■ TASK DESCRIPTION
Each line from the one with "Maison - 195 m² - 8 pièces" through the end of the records below should be transcribed exactly, and each picture should be skipped.

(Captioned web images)
╔══

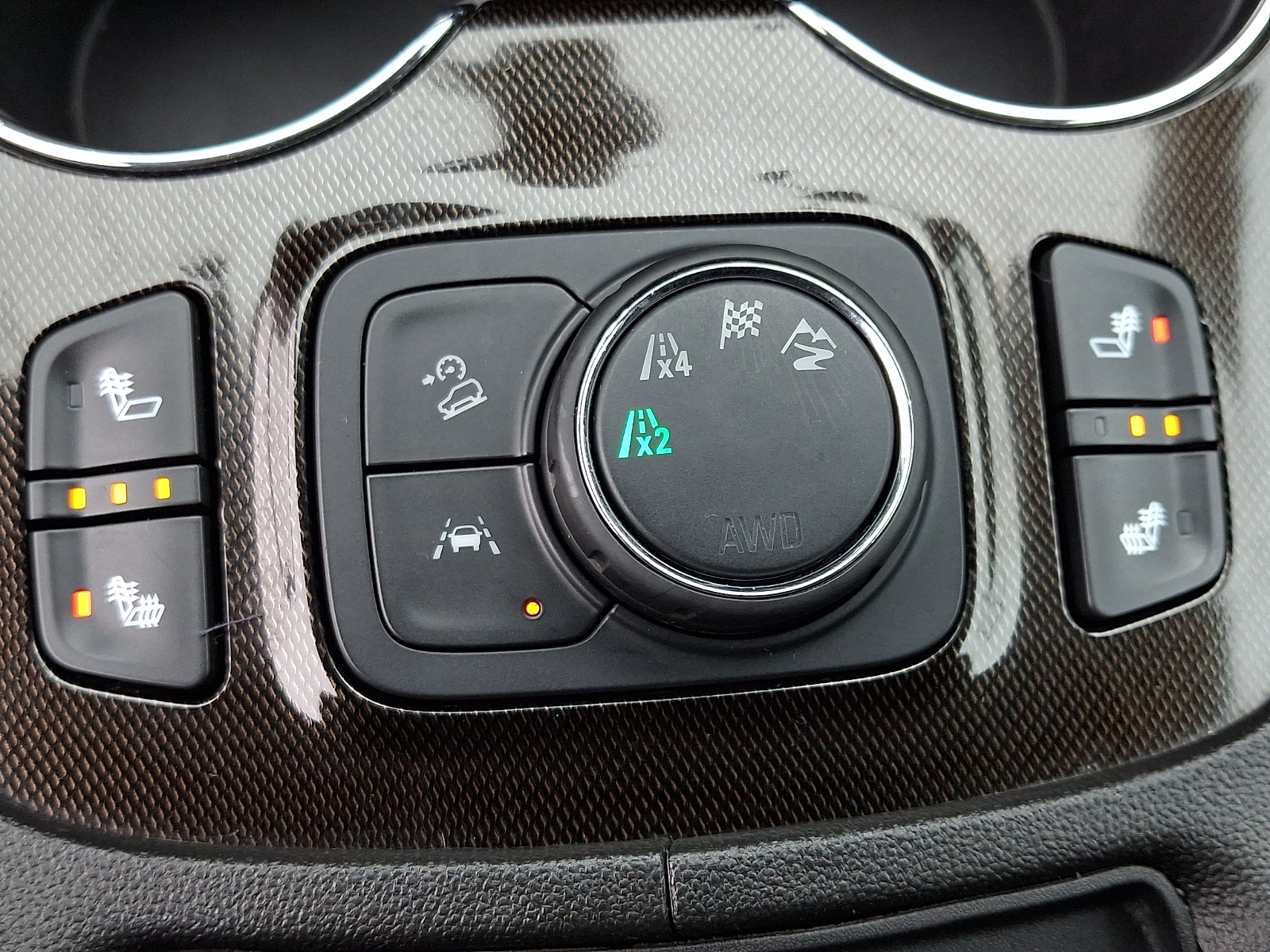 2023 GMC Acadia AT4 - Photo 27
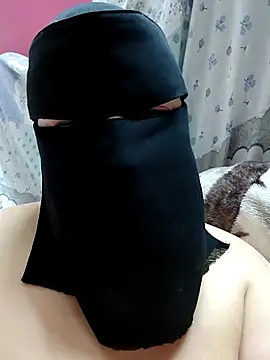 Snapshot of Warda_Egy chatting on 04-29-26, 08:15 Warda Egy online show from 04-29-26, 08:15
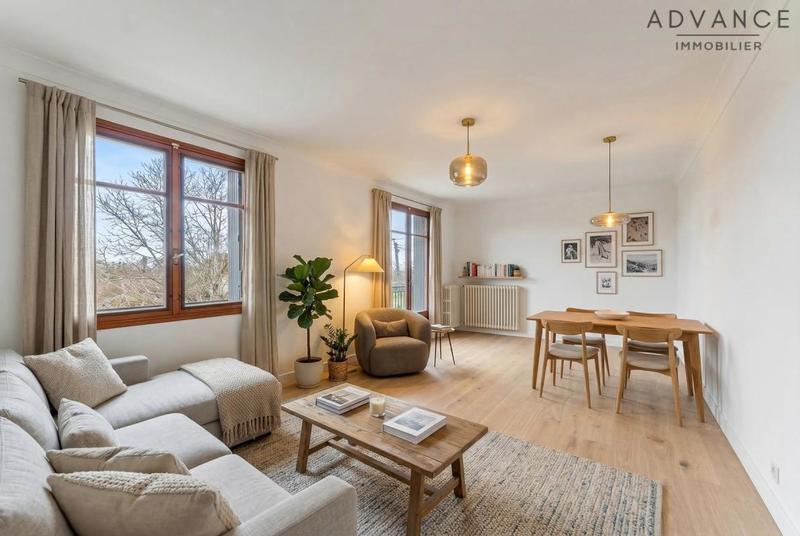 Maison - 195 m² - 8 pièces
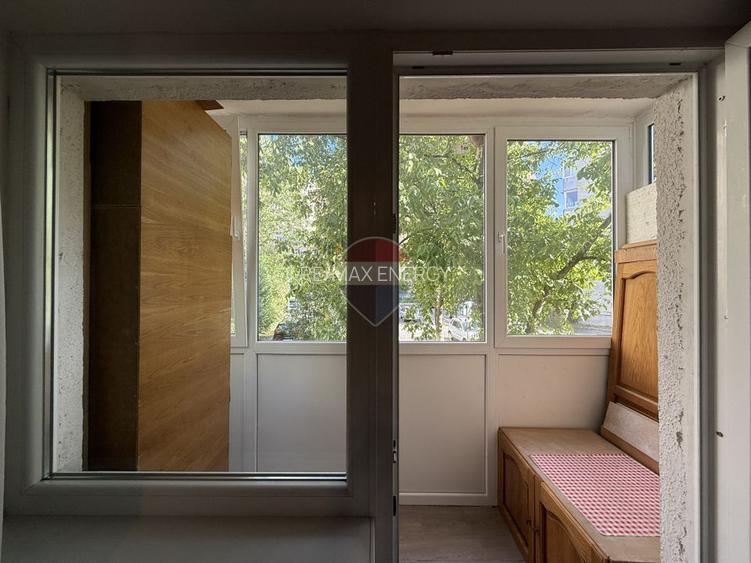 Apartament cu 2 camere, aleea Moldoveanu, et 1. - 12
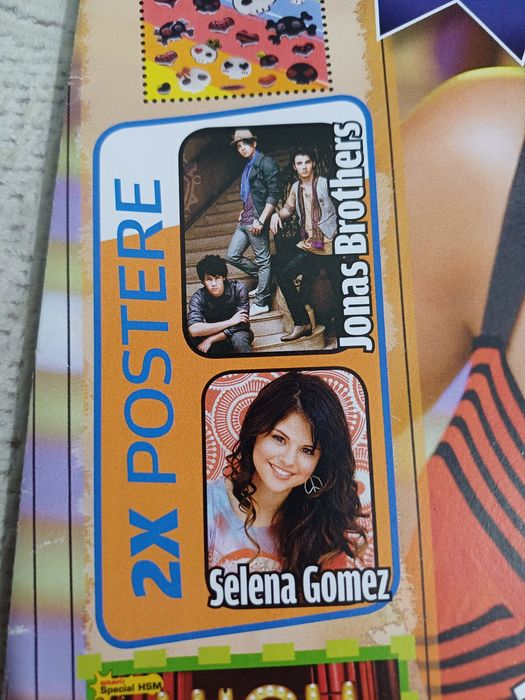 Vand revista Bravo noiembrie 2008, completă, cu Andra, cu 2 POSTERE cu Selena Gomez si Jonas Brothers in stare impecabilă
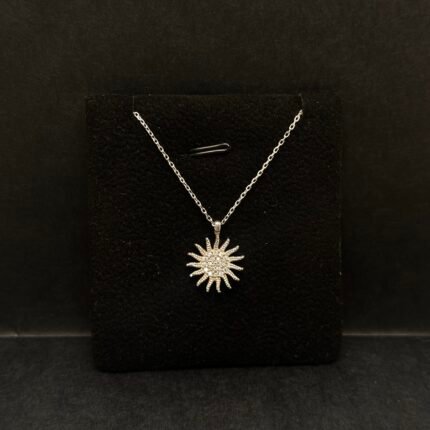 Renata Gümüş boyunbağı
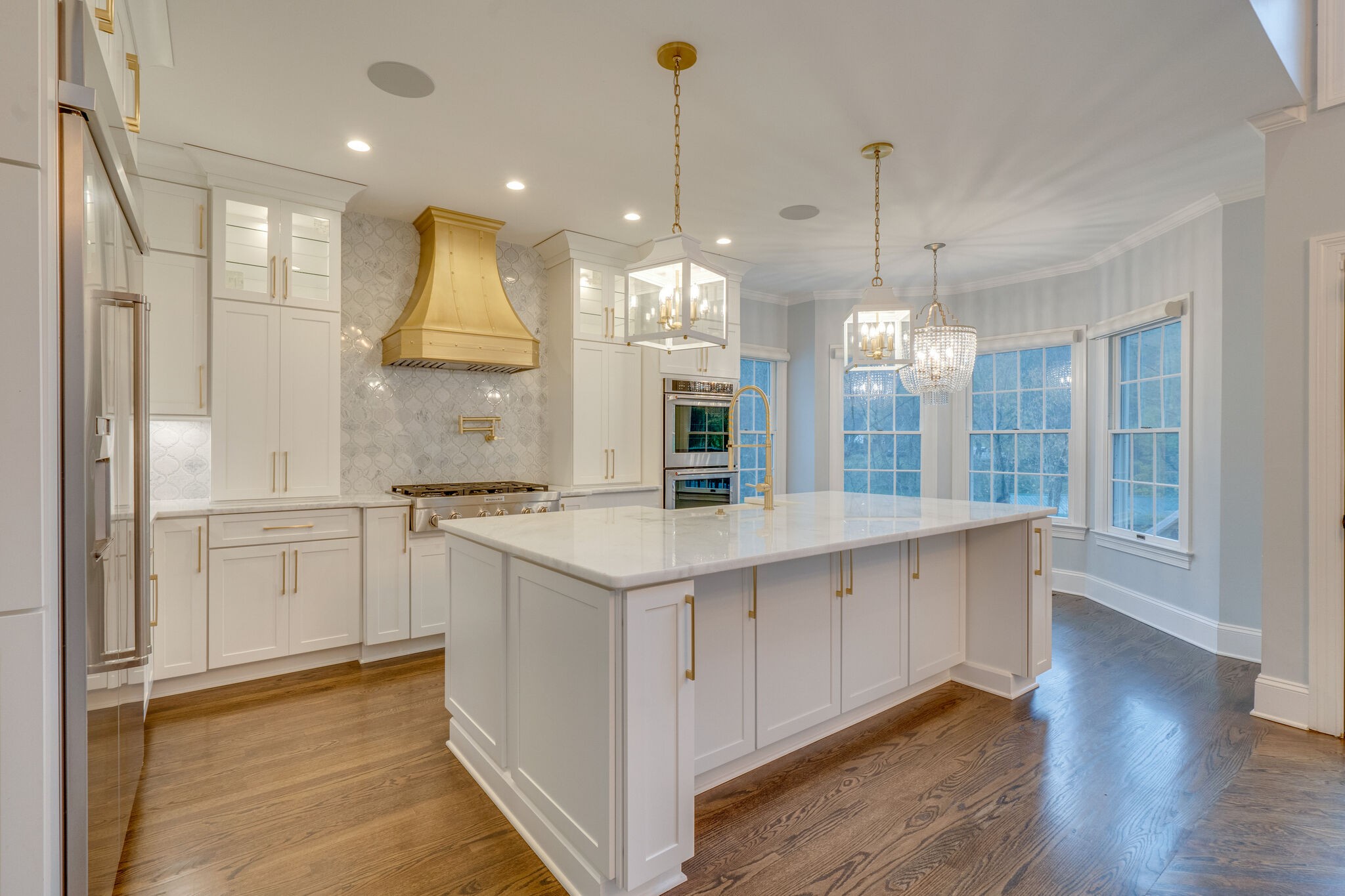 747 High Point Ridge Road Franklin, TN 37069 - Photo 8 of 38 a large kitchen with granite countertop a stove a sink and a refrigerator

╚══

■ TASK SOLUTION
 Maison - 195 m² - 8 pièces
 Apartament cu 2 camere, aleea Moldoveanu, et 1. - 12
 Vand revista Bravo noiembrie 2008, completă, cu Andra, cu 2 POSTERE cu Selena Gomez si Jonas Brothers in stare impecabilă
 Renata Gümüş boyunbağı
 747 High Point Ridge Road Franklin, TN 37069 - Photo 8 of 38 a large kitchen with granite countertop a stove a sink and a refrigerator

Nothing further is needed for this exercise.